Let \(\varvec{u}(J_m) \in \varGamma ^*\), (17), be a minimal set, then \(|\varvec{u} (J_m)| = l\) and \(\varvec{u}(J_m) \le \varvec{\tau '}(J_m)\), or \(u_{i} = \tau _{i}\) for some \(i \in J_m\). In the first case, Theorem 8 implies \(M_{0}\) is can be spanned by all the columns in \(M_{\varvec{u}(J_m)}\). Moreover, Theorem 8 implies any \(\tau _i\) columns of \(M_i\) are linearly independent. From this with \(h(\{0, i\}) = h (\{ i \}) = \tau _i\) for every \(i \in J_m\), \(M_{0}\) is a linear combination of any \(\tau _i\) columns in \(M_i\). Hence, in the second case \(M_{0}\) can be spanned by all the columns in \(M_{\varvec{u}(J_m)}\) too.

Assume that \(\varvec{u}(J_m) \notin \varGamma ^*\), (17). Then \(\varvec{u} (J_m) \le \varvec{\tau '} (J_m)\) and \(|\varvec{u} (J_m) |\le l-1\).
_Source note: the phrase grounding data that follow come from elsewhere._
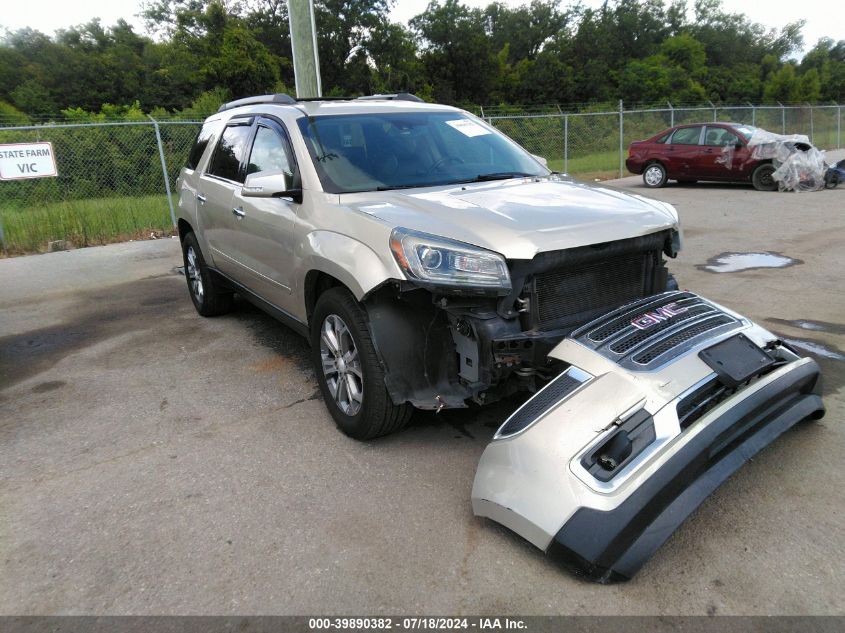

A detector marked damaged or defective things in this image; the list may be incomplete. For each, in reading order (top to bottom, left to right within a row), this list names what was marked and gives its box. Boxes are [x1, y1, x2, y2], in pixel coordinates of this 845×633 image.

broken headlight assembly [388, 227, 508, 292]
damaged gmc acadia [173, 94, 824, 584]
wrecked vehicle [176, 94, 824, 584]
crumpled bumper [474, 292, 824, 584]
damaged red sedan [624, 123, 776, 190]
Without loss of generality, we may assume that \(|\varvec{u} (J_m) | =l-1\), since if \(|\varvec{u} (J_m)| < l - 1\), we may find a vector \(\varvec{u'}(J_m) \ge \varvec{u}(J_m)\) such that \(\varvec{u'} (J_m) \le \varvec{\tau '}(J_m)\) and \(|\varvec{u'} (J_m)| =l - 1\). As \(l \le |\varvec{\tau '}(J_m) | +1\), the above-described procedure is possible. In this case if \(u_{0} =1\), then \(\varvec{u}(J'_m) \in \mathcal {B}_2\). Theorem 8 implies \(M_{\varvec{u} (J'_m)}\) is nonsingular, and the claim follows.    \(\square \)

Remark 2

From the dual relationship of the access structures (17) and the LCASs (4), we can translate the scheme in Proposition 11 into an ideal linear scheme for the LCASs (4) using the explicit transformation of [20]. Specially, the efficient construction of ideal linear schemes realizing LCASs (4) can be obtained over \(\mathbb {F}_{q^{\lambda }}\) in time \(O(q, \lambda )\) for some prime power \(q > \max _{i \in J_m} \{ n_i , \sum _{i=1}^m (n_i - t_i) \}\) and some \(\lambda > (n-k+1) t\), where \(t = \max _{i \in J_m} \{n_i - t_i \}\).